> What the exercise asks
Your answer must consist of the records exactly as given, with no pictures included.

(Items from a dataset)
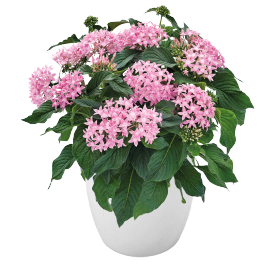   Graffiti® Pink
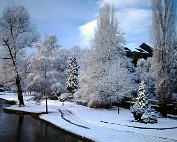 Wanter 19.12.1999 _012 My beautiful picture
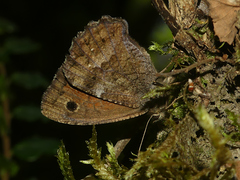Quilaphoetosus monachus monachus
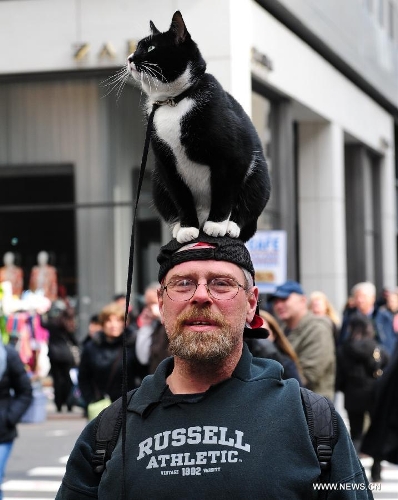 A man with a cat on his head takes part in the annual Easter Bonnet Parade held on the Fifth Avenue in Manhattan of New York, the United States, March 31, 2013. With a history of more than 100 years, the New York Easter Bonnet Parade is held annually on the 5th Avenue near the Saint Patrick's Cathedral. Adults, children and even pets in creative colorful bonnets and outfits participate in the event, which also attract thousands of New York residents and tourists. (Xinhua/Deng Jian) 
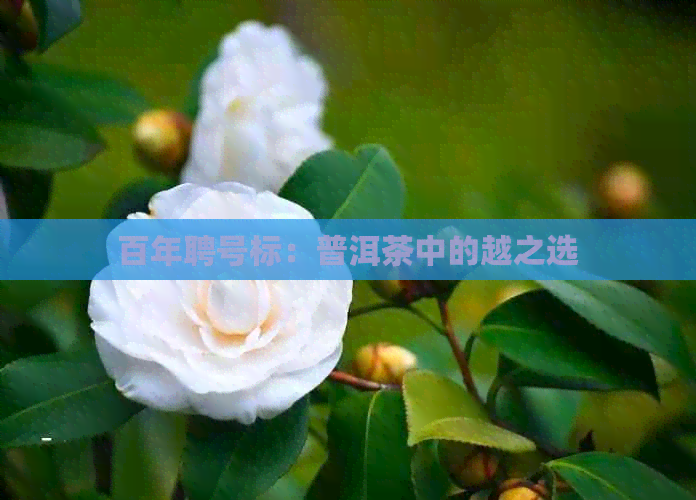 百年聘号标：普洱茶中的越之选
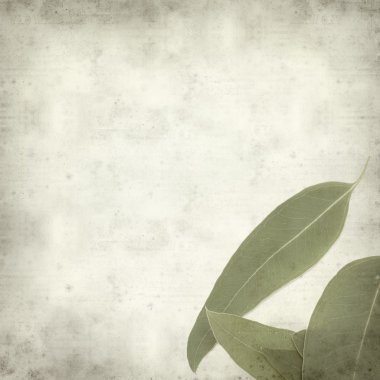 desenli eski kağıt arkaplan  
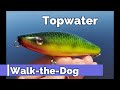 Making a Walk-the-Dog Topwater Lure #topwater #walkthedog #makinglures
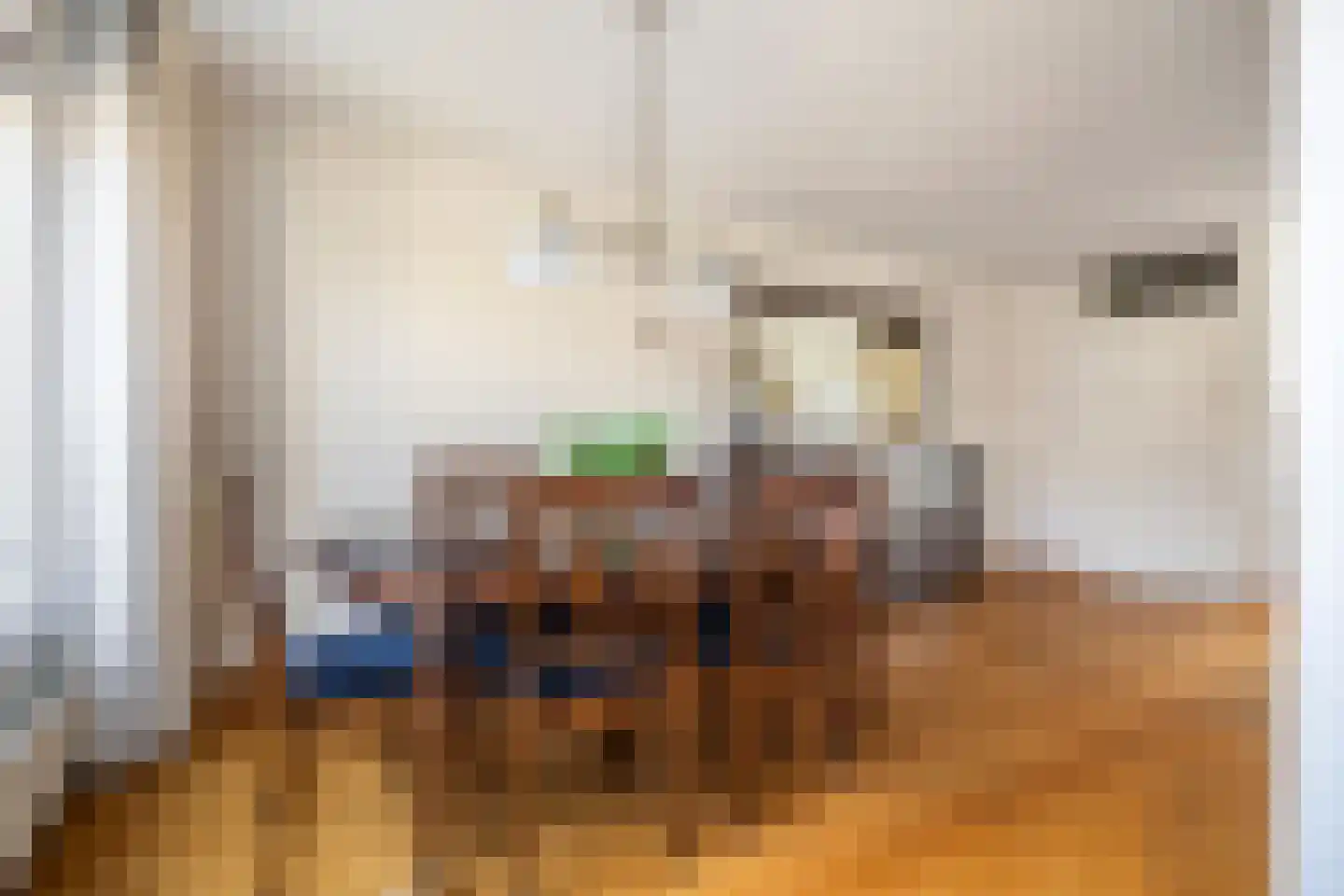 Jip en Janneke 119 Gorinchem thumbnail 8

> Solution below
   Graffiti® Pink
 Wanter 19.12.1999 _012 My beautiful picture
Quilaphoetosus monachus monachus
 A man with a cat on his head takes part in the annual Easter Bonnet Parade held on the Fifth Avenue in Manhattan of New York, the United States, March 31, 2013. With a history of more than 100 years, the New York Easter Bonnet Parade is held annually on the 5th Avenue near the Saint Patrick's Cathedral. Adults, children and even pets in creative colorful bonnets and outfits participate in the event, which also attract thousands of New York residents and tourists. (Xinhua/Deng Jian) 
 百年聘号标：普洱茶中的越之选
 desenli eski kağıt arkaplan  
 Making a Walk-the-Dog Topwater Lure #topwater #walkthedog #makinglures
 Jip en Janneke 119 Gorinchem thumbnail 8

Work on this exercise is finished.